There’s little worse for an HR professional than seeing your training met with stifled sighs and surreptitious eyerolls.

It’s your job to make sure that the workplace training you present to your team is well-received and interesting. Otherwise, it has little chance of actually being effective.

To make sure the programs you choose will be met with more enthusiasm, you need to do a few things. First, make sure that your material is highly relevant and easily accessible. Then, make sure it’s delivered in a way that’s easy for employees to learn, remember and use.

Here are a few ways you can do just that with today’s technology and tools:

Leverage Microlearning

As we wrote in our full post on the subject, microlearning is a growing trend that makes information easier for people to digest by breaking it down into smaller pieces.

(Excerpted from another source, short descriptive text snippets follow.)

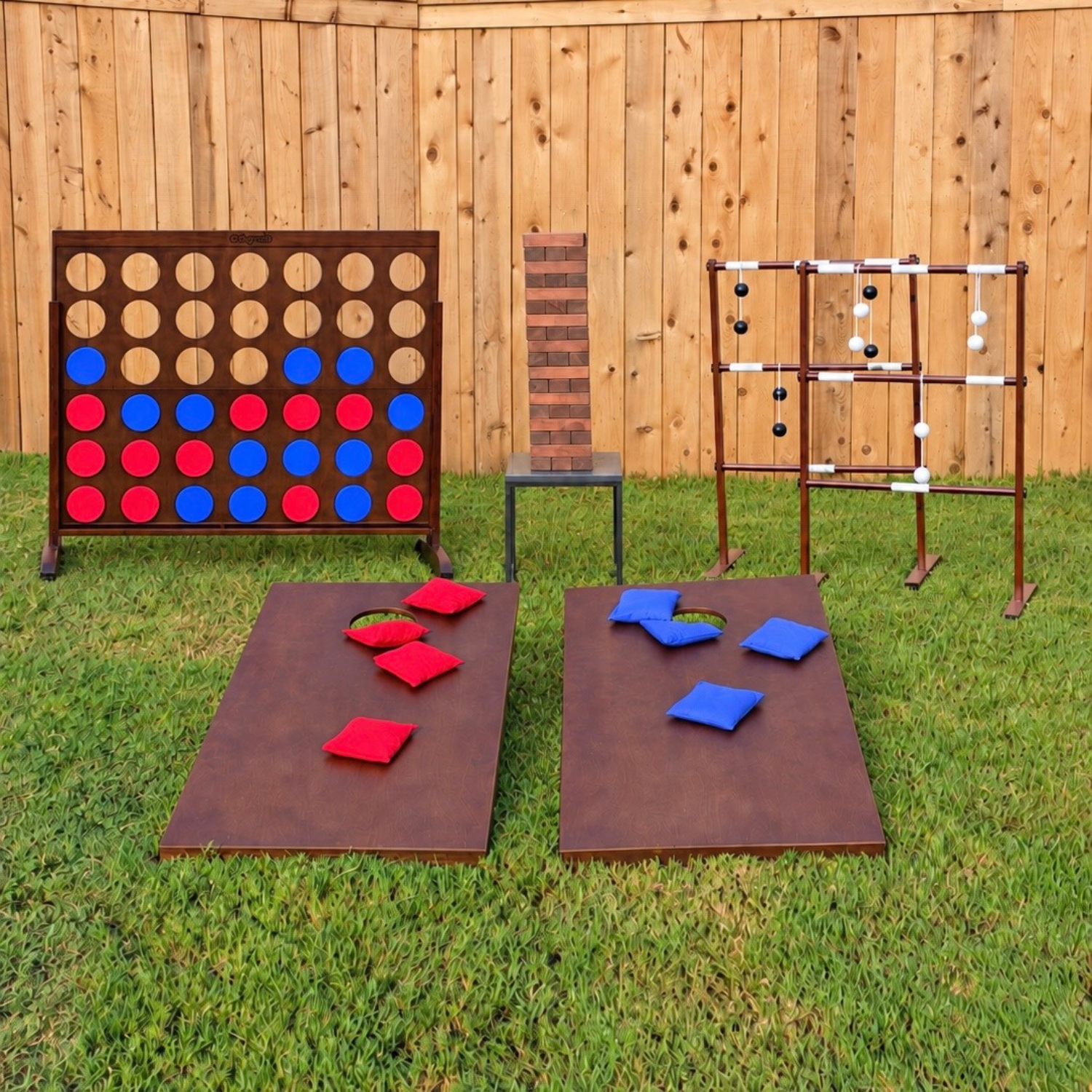 Outdoor scene with wooden board game, Jenga tower, connect four game, and tables with red and blue cushions, set on grass against a wooden fence.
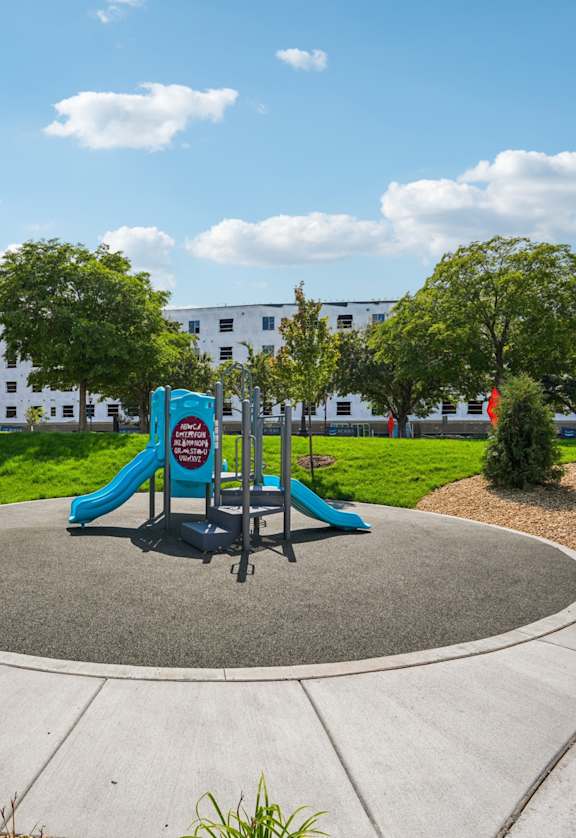A playground with a slide and a bench in the foreground.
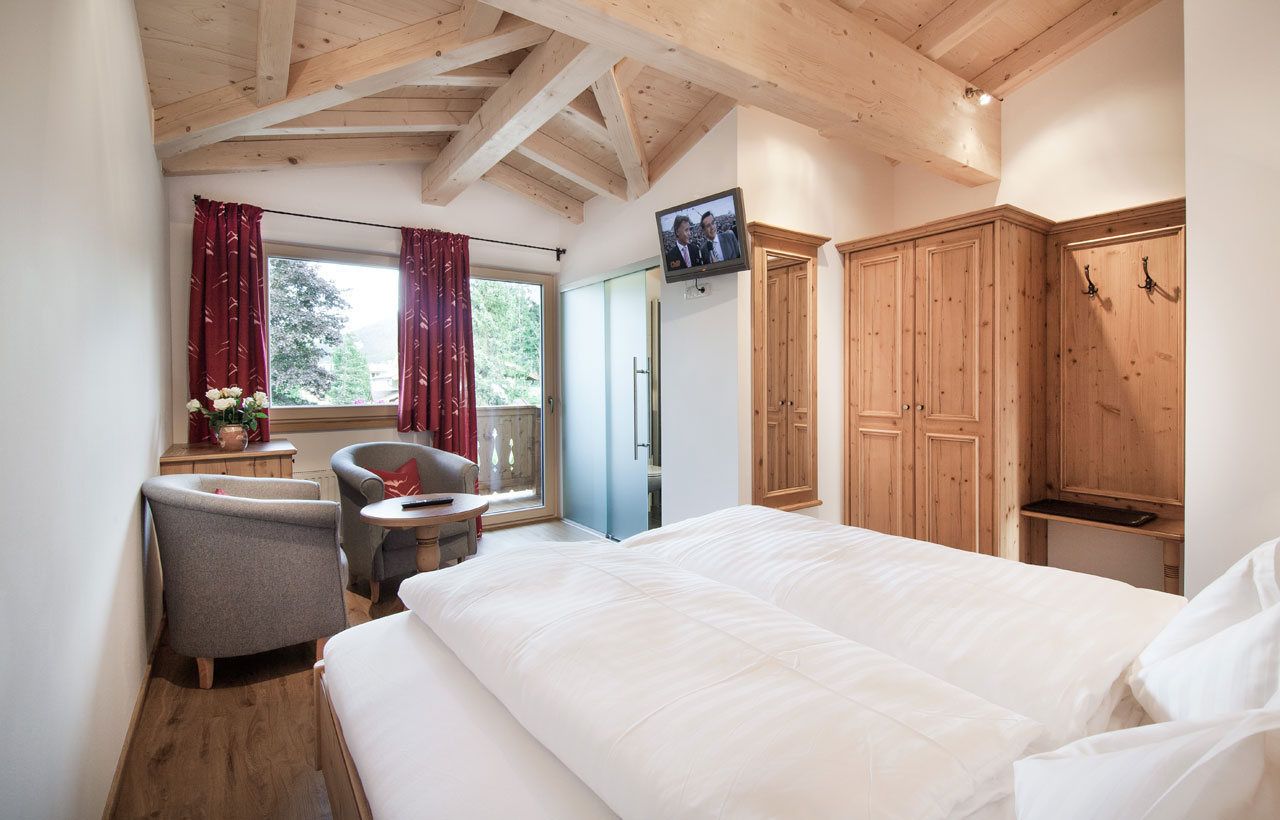 Ein Schlafzimmer mit einem großen Bett, einem Holzschrank, einem an der Wand montierten Fernseher und einem Fenster mit Vorhängen.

Dedicated to educating their employees, many bigger organizations have leveraged the growth of e-learning tools to create extensive learning management systems, complete with libraries full of videos and whitepapers. These kinds of resources can be especially useful when employees are embarking on an entirely new field or area of expertise, and when they have the time to devote to it.

Want a few suggestions for new learning tools to try? We have a few suggestions in our bonus download: 3 Fresh Ways to Deliver Corporate Training

However, especially in a culture in which people are constantly given bite-sized information (blog posts, news stories, social media posts, etc.) it makes sense that a similar approach with corporate learning would also be more effective.

Breaking some of your training down into smaller parts and learning points has several benefits.

First of all, it makes the material more approachable and easier to manage for busy employees.

Secondly, making the effort to edit down the course material so that each lesson is as impactful as possible respects all your employees’ time and may reduce overall time spent training. Also, by making it more of a regular daily or weekly routine instead of binging corporate training in intense sessions a few times a year, trainers can incorporate topical events or news into the training and draw those connections more directly.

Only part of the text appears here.